* INFORMATION PROVIDED:
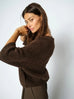MMThora Lizet Knit Cardigan Delicioso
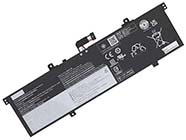 LENOVO ThinkBook 14 G4+ ARA-21D0 Akku 11.64V 3995mAh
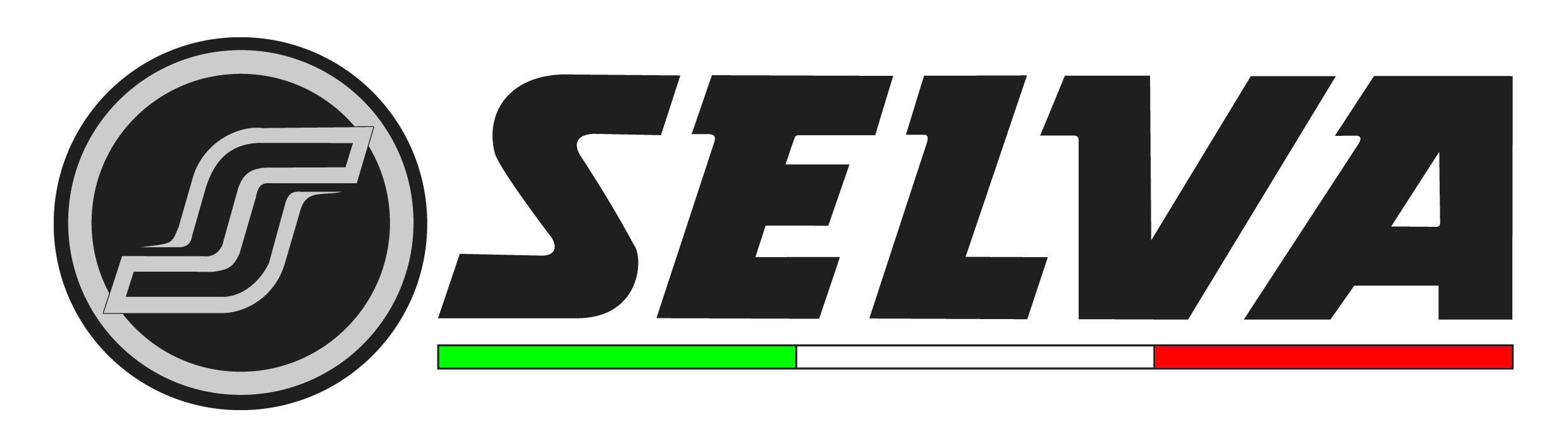 logo SELVA 2019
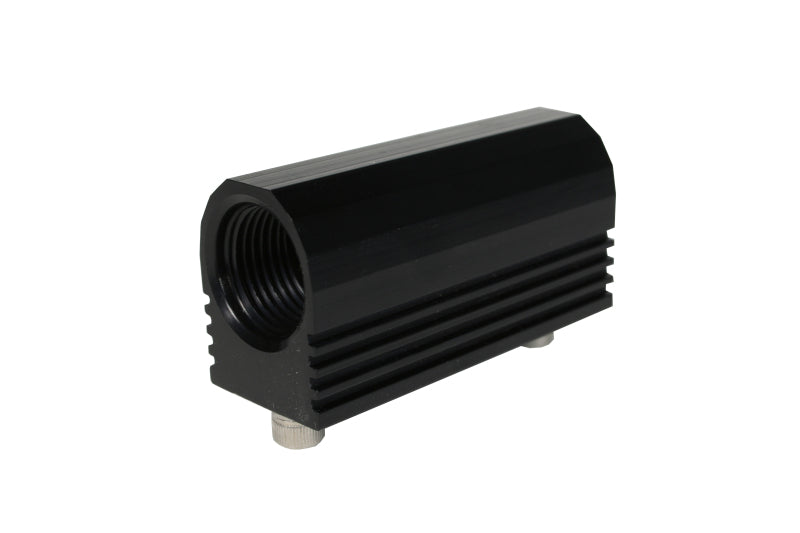 Aeromotive 96-04 Ford 4.6L Sensor Adapter Log 15112 Photo - out of package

* WHAT TO WORK ON:
Please return exactly the lines from the one containing "LENOVO ThinkBook 14" through the end of the material above, both ends included, but not the pictures.

* ANSWER SECTION:
 LENOVO ThinkBook 14 G4+ ARA-21D0 Akku 11.64V 3995mAh
 logo SELVA 2019
 Aeromotive 96-04 Ford 4.6L Sensor Adapter Log 15112 Photo - out of package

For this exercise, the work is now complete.